WORK INSTRUCTION
Would you write out the listing verbatim and skip every picture in it?

DATA SECTION

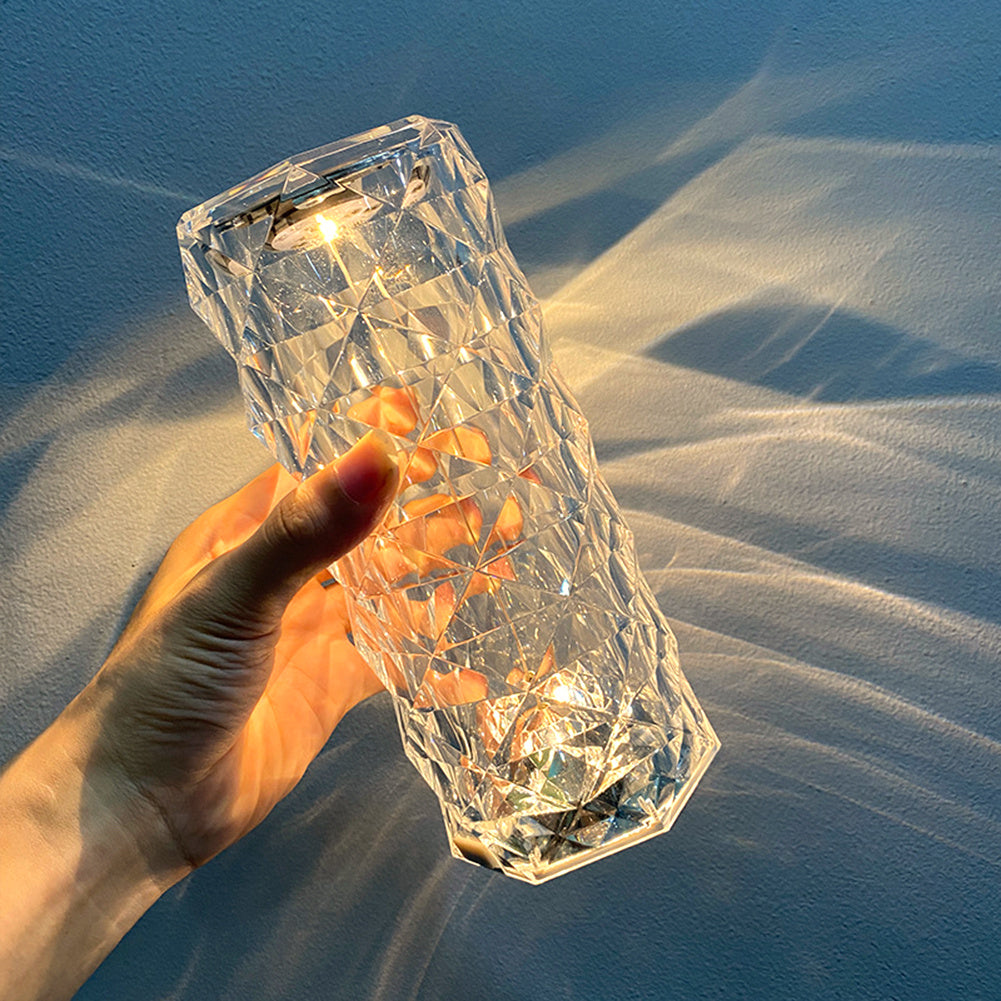 Hand holding a clear Nordic crystal lamp for bedroom casting light patterns on wall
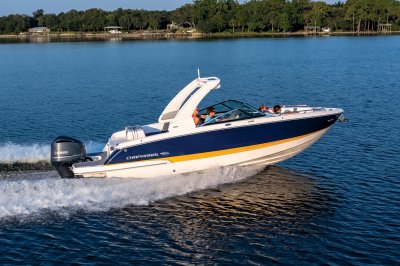 Chaparral 270 OSX gaining speed near the shoreline with docks and houses in the background. 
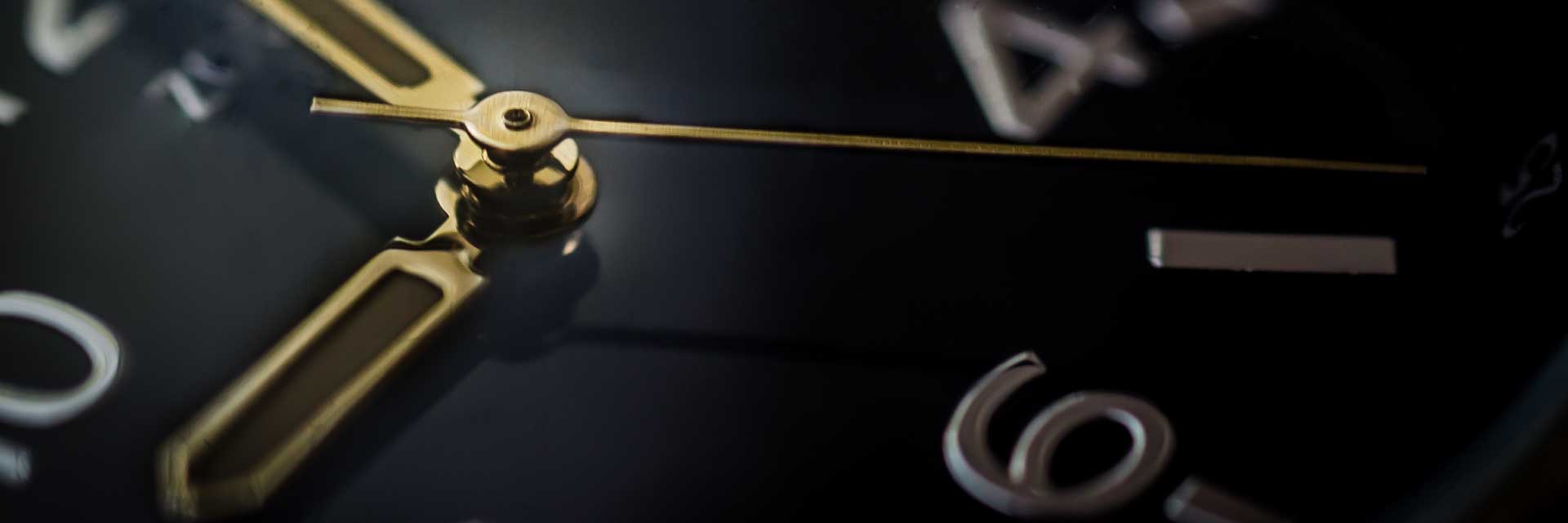 close up of clock hands and number 6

PROBLEM SOLUTION
 Hand holding a clear Nordic crystal lamp for bedroom casting light patterns on wall
 Chaparral 270 OSX gaining speed near the shoreline with docks and houses in the background. 
 close up of clock hands and number 6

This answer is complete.